## What needs to be done
Quote the records beneath, complete and exact. Leave out images.

## Records provided
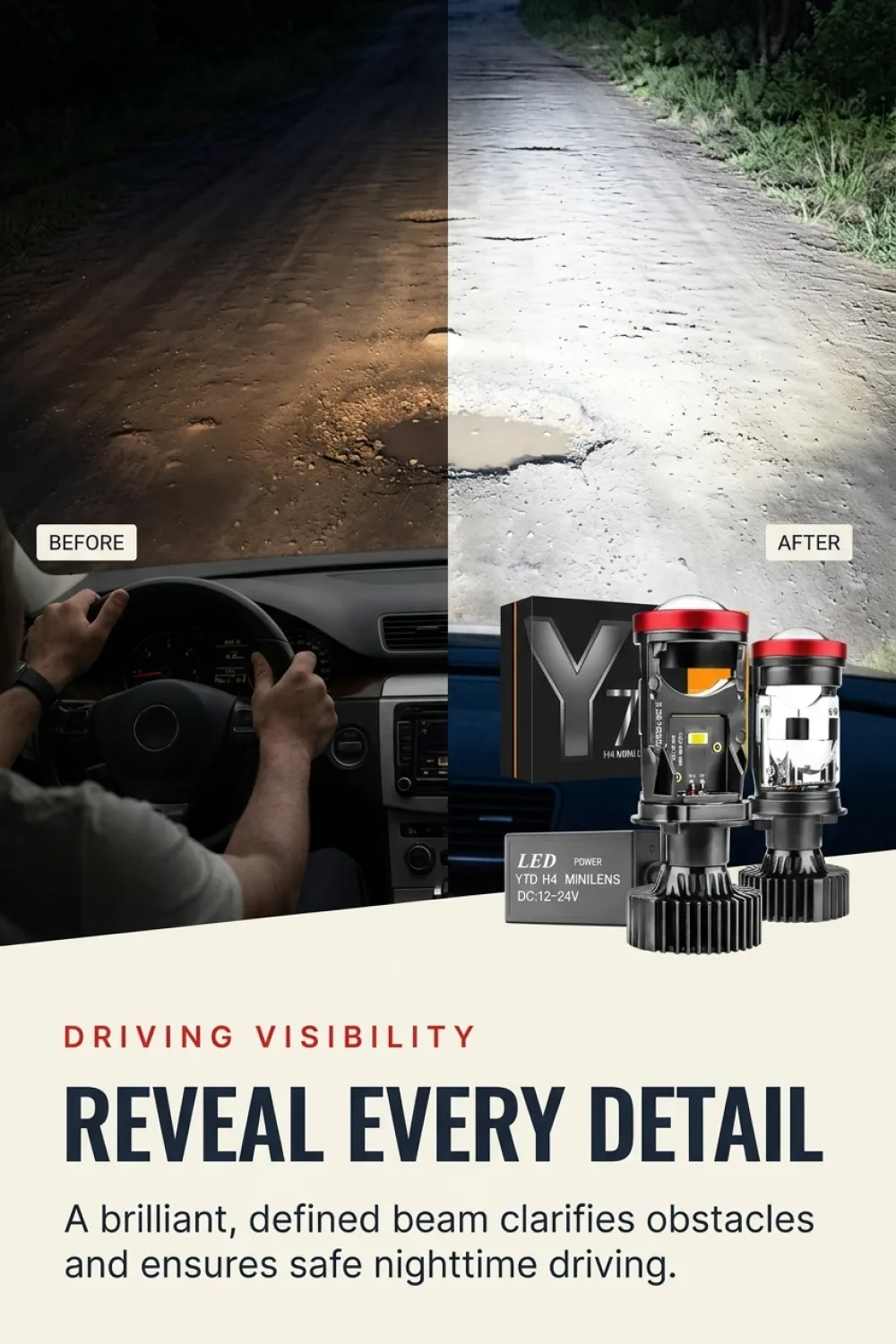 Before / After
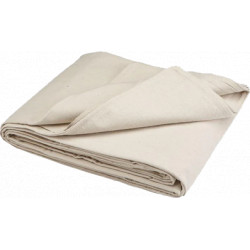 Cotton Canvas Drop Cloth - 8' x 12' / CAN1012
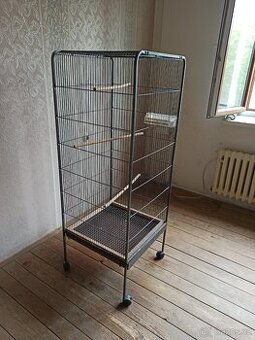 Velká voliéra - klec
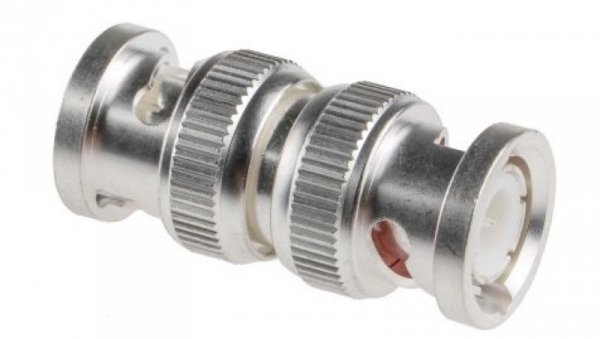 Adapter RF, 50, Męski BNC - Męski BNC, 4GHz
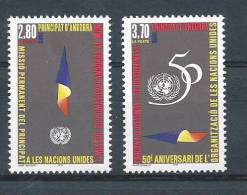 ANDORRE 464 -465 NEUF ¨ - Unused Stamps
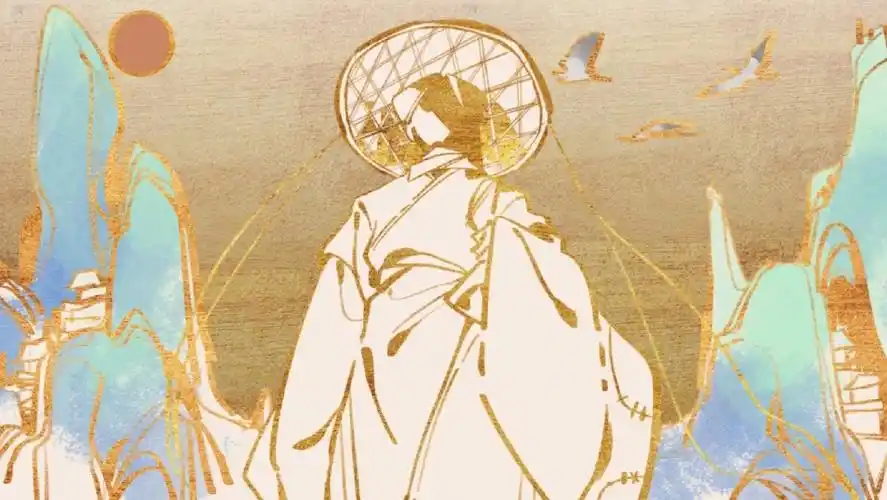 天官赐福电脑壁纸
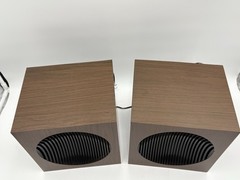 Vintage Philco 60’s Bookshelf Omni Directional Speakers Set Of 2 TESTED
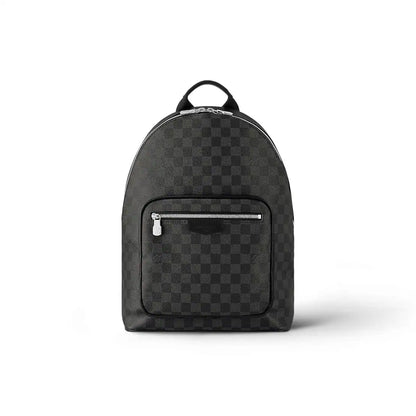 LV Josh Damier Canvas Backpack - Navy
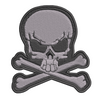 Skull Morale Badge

## Exercise output
 Before / After
 Cotton Canvas Drop Cloth - 8' x 12' / CAN1012
 Velká voliéra - klec
 Adapter RF, 50, Męski BNC - Męski BNC, 4GHz
 ANDORRE 464 -465 NEUF ¨ - Unused Stamps
 天官赐福电脑壁纸
 Vintage Philco 60’s Bookshelf Omni Directional Speakers Set Of 2 TESTED
 LV Josh Damier Canvas Backpack - Navy
 Skull Morale Badge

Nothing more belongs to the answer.